The inhabitants of South Africa's biggest black township have taken a turn to consumerism, even attending a first-ever homemakers' exhibition here.
The novelty of the exhibition's carnival atmosphere in this drab living quarters of 1.2 million people outside Johannesburg, with its miles of substandard housing, is one of the things that is attracting them. People here say they cannot recall seeing candy-striped marquees or big hydrogen balloons in Soweto before.
An even greater novelty is the notion of home development, which the exhibition is promoting. Only in the past five years have urban blacks in South Africa been allowed to own their own homes. And it has been only two years since a $225 million scheme was launched to electrify Soweto, opening the prospect for black residents to own refrigerators, electric stoves and television sets.

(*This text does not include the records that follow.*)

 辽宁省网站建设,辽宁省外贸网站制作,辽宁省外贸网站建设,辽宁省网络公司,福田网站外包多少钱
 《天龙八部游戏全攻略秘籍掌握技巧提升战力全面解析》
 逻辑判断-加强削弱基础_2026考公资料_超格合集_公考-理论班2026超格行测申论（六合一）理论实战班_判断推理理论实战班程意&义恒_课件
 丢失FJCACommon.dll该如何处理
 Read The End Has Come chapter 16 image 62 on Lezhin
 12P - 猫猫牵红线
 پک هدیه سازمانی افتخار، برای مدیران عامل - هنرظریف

Home ownership and electrification have been accompanied by residents' increasing financial resources that have allowed them to take advantage of the new opportunities. Laws restricting the kind of work that blacks could do and preventing them from joining labor unions have been changed, enabling them to advance into more skilled occupations and to earn better wages.
The result has been a rapid growth of black purchasing power and demand for consumer goods. Etienne Van Loggerenberg, an urban studies researcher at Johannesburg's Rand Afrikaans University, estimates that household incomes in Soweto have increased 50 percent in five years.

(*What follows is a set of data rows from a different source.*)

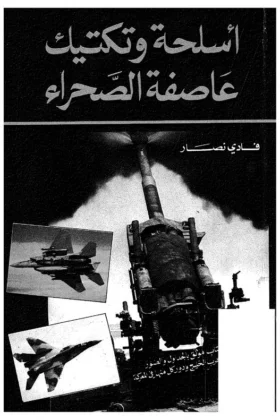 كتاب أسلحة وتكتيك عاصفة الصحراء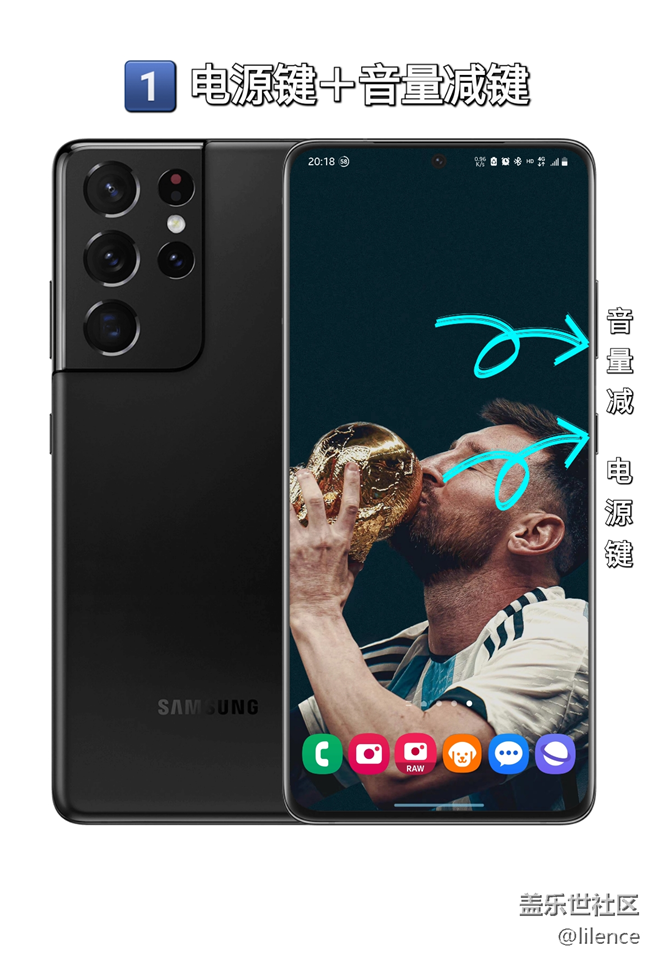 【三星手機(jī)使用大全】通用所有機(jī)型的截圖小技巧~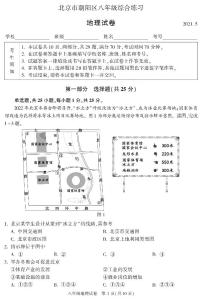 2021北京市朝阳区二模地理试卷无答案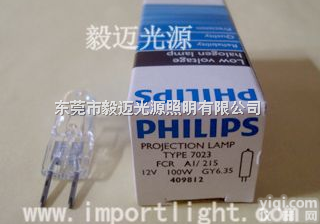 <em>12V100W</em>  PHILIPS<em>卤素</em><em>灯泡</em>7023 <em>12V100W</em>进口医用<em>灯泡</em>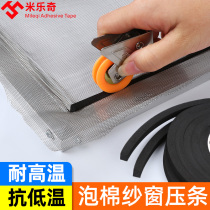 Screen window foam pressure strip Screen window mesh special foam rubber strip Window screen mesh square seal insert foam fixed seal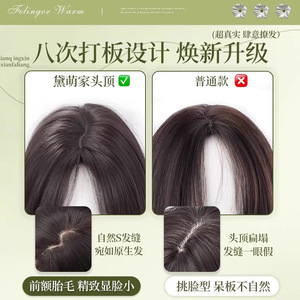 วิกผมยาวตรงสีดำธรรมชาติไร้รอยต่อสมจริงสำหรับผู้หญิง Z901 - Product Image 3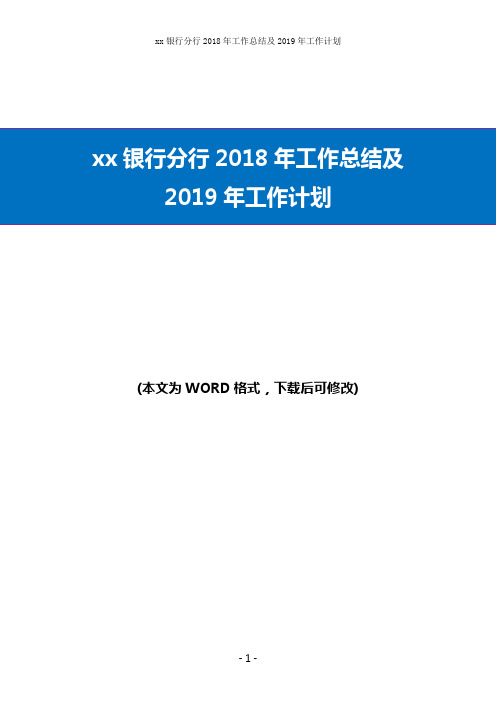 xx银行分行2018年工作总结及2019年工作计划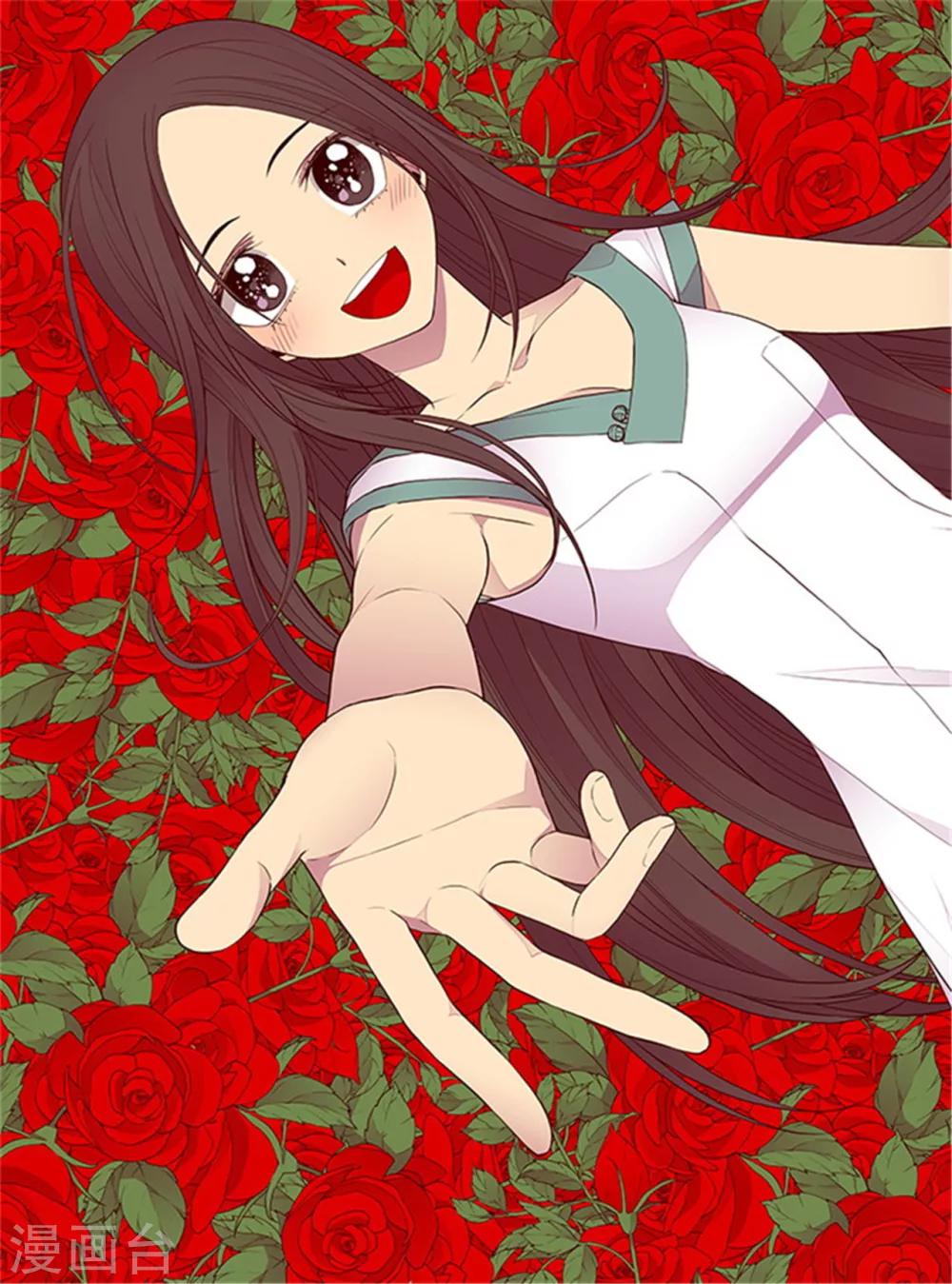 据说我是王的女儿大结局是什么漫画,第125话 头发是个问题1图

He said the township's total disposable income will soon overtake that of Johannesburg's affluent whites, whom the blacks outnumber two-to-one.
This shift has prompted the homemakers' exhibition. It is the beginning of a scramble for an emerging black consumer giant, in which a hopeful band of black businessmen are trying to claim priority ahead of their white competitors.

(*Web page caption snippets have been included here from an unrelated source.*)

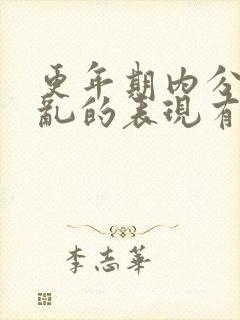 更年期内分泌紊乱的表现有哪些症状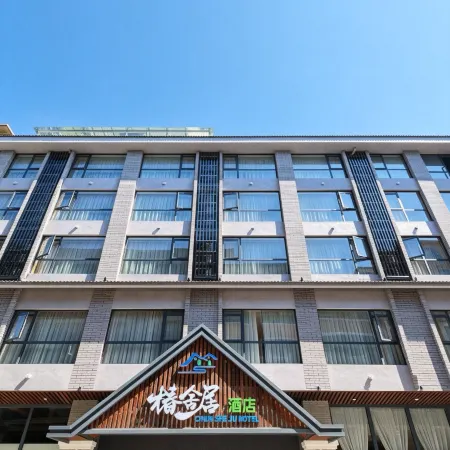 Chunsheju  hotel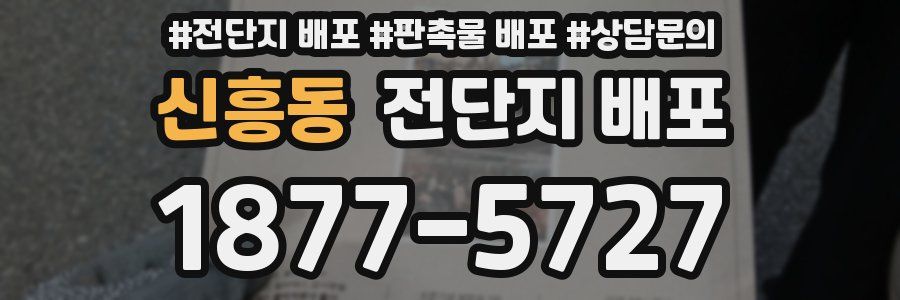 신흥동 전단지 배포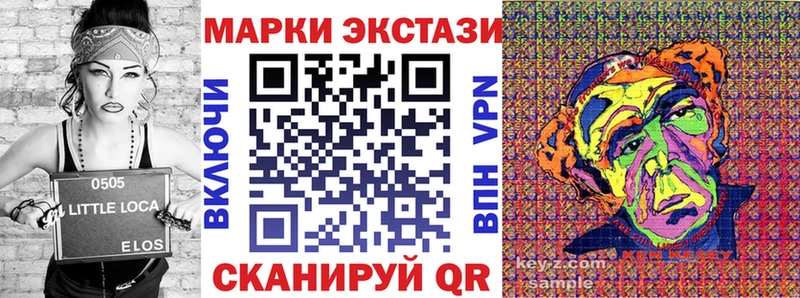 kraken зеркало  Новая Ляля  Марки NBOMe 1,8мг 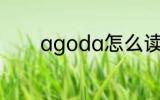 agoda怎么读 agoda的简介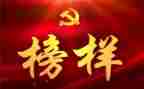 学榜样7事迹心得体会7篇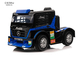Electric Ride On Truck 12V Battery Powered With Remote Control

Veli Kraai, chairman of the Soweto Chamber of Commerce, which organized the exhibition, said during the opening that it was organized to encourage blacks to use their new purchasing power in the township rather than shopping at the white-owned stores of downtown Johannesburg.
In a neat reversal of apartheid, Kraai refused exhibition space to eager white retail chains, although he allowed white industrialists to show their merchandise.
These are the signs of changing times in South Africa since Pieter W. Botha became prime minister in 1978 and began cautiously reforming the policy of strict racial segregation, called apartheid, which his ruling National Party had been applying for 30 years.
There is disagreement about the ultimate purpose of Botha's reforms, but even his critics agree that a primary aim is to give more material benefits to a limited number of Africans permitted to live in the cities and to allow them more of a stake in the free-enterprise economy.
The cities are regarded as "white" in terms of the apartheid ideology, even though the labor force is black. Blacks working there used to be classed as "temporary sojourners" who were expected to leave eventually for tribal "homelands" in remote rural areas as separation evolved. That is why they were not permitted to own homes or run proper businesses in townships like Soweto, which themselves were regarded as temporary dormitories that would wither away as the urban blacks departed.
The only businesses that blacks were allowed to run were those like grocery stores, barber shops and coal dealerships that serve "the daily necessities of life." Anything more permanent was forbidden.
Now Botha has permitted home ownership, although still not under freehold title to the land but under 99-year leases. He has allowed blacks to form companies and even has established a Small Business Development Corp. to help them. Soweto now has three banks, two large supermarkets and 906 small businesses, according to a recent count by Van Loggerenberg.
Botha has ordered a crash program to reduce a massive black housing backlog and scrapped a law that prevented private contractors from helping with this.
Relaxing job restrictions on blacks and allowing them to join labor unions is part of the same policy turnaround by Botha. His statements on the subject indicate that he decided black job advancement would strengthen the economy.
Twelve years ago the government raised a storm when a central Johannesburg bank put a black teller in its front office for the first time. Labor Minister Marais Viljoen, now the figurehead state president, declared that such "shoulder to shoulder" integration was intolerable, and the bank had to move the teller to another cubicle. Today there are as many black tellers as white.
At the same time, the number of raids to arrest those who have come to the cities illegally has increased since Botha took over, and so has the number of enforced removals to resettlement camps in the "homelands."
Political analysts favorable to Botha claim he has to reform gradually because of his own and his party's past commitment to apartheid, and that these are only the first steps in an ongoing process.
Those more critical of Botha believe he is following a plan rigorously to limit the size of the urban black population to the minimum needed to run the economy, turning part of it into a skilled and stable middle class while thrusting the rest out of sight.